Saturday, April 2, 2011

Mr. Cellophane



I remember when I first saw the movie "Chicago" I was struck by the powerful performance of John C. Reilly as he played Amos Hart. In this song "Mr. Cellophane" he captured the depth and pain of the loneliness that so many of us have felt in one period of our life or another. To some of us this song could become the embodiment of our childhood where we just couldn't find the love we desired. For others this song radiates with our high school years when we felt that no one truly knew "the real me." For some it is their marriage or dating relationships where they sought after love and acceptance. For others this is the present reality. It is a life that feels empty and without purpose.

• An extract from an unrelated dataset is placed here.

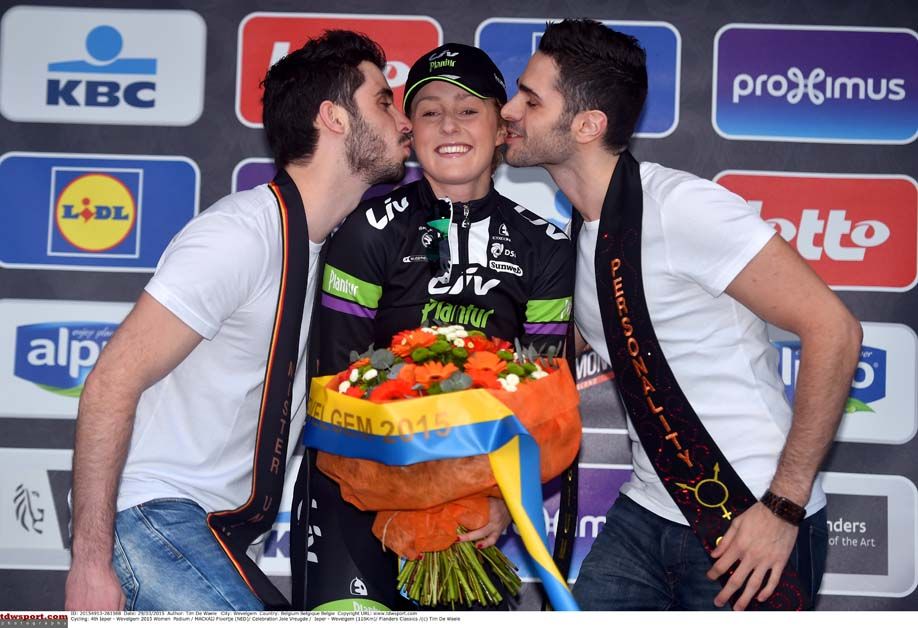 There were podium boys for Floortje Mackij at Gent-Wevelgem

As I write this blog, I am reminded of all the people I know that have been hurt and scarred because no one was willing to take the time to notice. I think of an 8 year old boy that was addicted to drugs because that was all he really knew. I think of a teenage girl who was raped at home nearly every night and was told that this is what love is. I think of a teenage boy who lied, stole and fought because he wanted attention from his parents. I think about a single mom working two jobs and trying to raise her three children. I think of a woman who would go to the bar every night hoping to get picked-up by a man so that she could feel important for just one night. I can think of a man who is drinking himself to death because the drunkenness helps him escape the emptiness he feels inside. And these are all people I knew growing up. Some of them were friends, some were people who knew my parents, but I knew them. I can still see their faces, yet over the years I have lost contact with each of them.

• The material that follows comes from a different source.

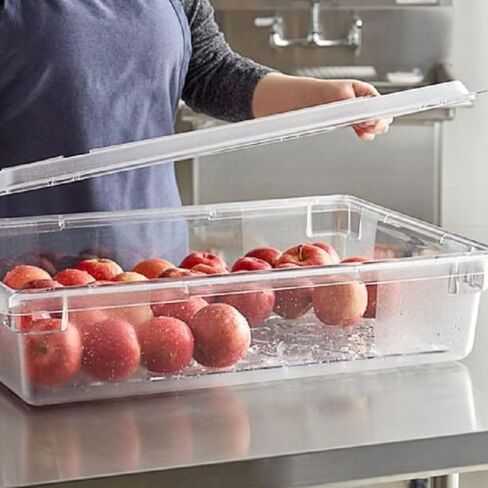 Soro Essentials- Full Size Polycarbonate Food Pan Footed Drain Shelf Clear Color- Plastic Grate Food Drain Tray Drain Pan Drain Tray for Food Fruit Vegetables Sink Teapot Dish Kitchen Restaurant Hotel in Kuwait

Like them, I too know what it is like to be Mr. Cellophane.

Often times Christians hear about these people and we think, "if they would just get right with Jesus, they wouldn't have those problems," or "they just need God in their lives." And in a deep, powerful, and spiritual way we are right, but we are missing something!

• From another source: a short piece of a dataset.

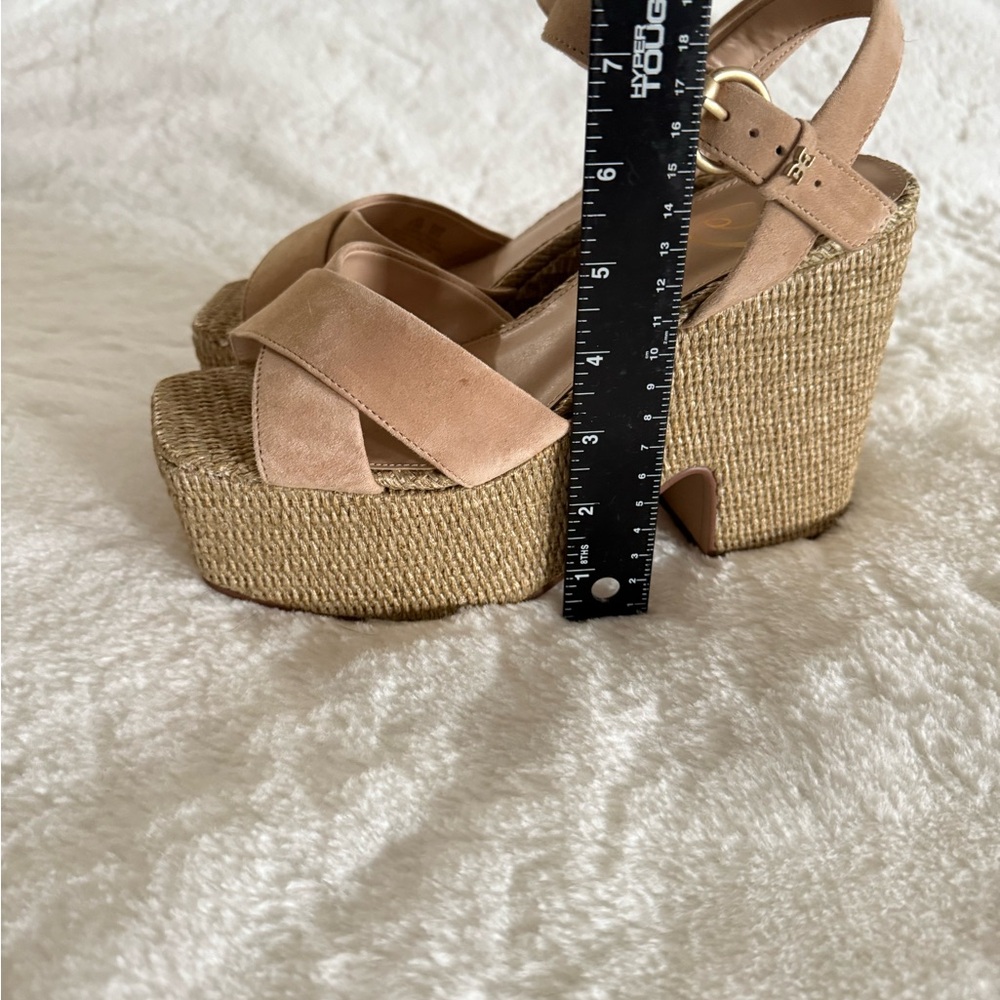 Sam Edelman Beige Wedges with Ankle Strap - Picture 4 of 6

The fact is a relationship with God Almighty through Jesus Christ is the answer. So what are we doing about it? Most Christians wouldn't be caught dead in a bar or a prison or a rehab center. Many Christians are so afraid that others will look down on them if they are seen hanging out with the town drunk. Many of us are more content to sit back and put down that poor mother's wild children than dare to step out and offer her some help.

As I was thinking about these people and so many more in the world that are struggling, hurting, weary, tired, and lonely I was drawn to Matthew 9:9-13 where we find Jesus at Matthew's house:

As Jesus went on from there, he saw a man named Matthew sitting at the tax collector’s booth. “Follow me,” he told him, and Matthew got up and followed him.
While Jesus was having dinner at Matthew’s house, many tax collectors and “sinners” came and ate with him and his disciples. When the Pharisees saw this, they asked his disciples, “Why does your teacher eat with tax collectors and ‘sinners’?”

On hearing this, Jesus said, “It is not the healthy who need a doctor, but the sick. But go and learn what this means: ‘I desire mercy, not sacrifice.’ For I have not come to call the righteous, but sinners.”


In this passage we don't find Jesus sitting outside pointing fingers at these tax collectors and "sinners" (aka. this is referring to prostitutes). No, we find Jesus inside eating with them. If we understood their culture we might understand just how important that is.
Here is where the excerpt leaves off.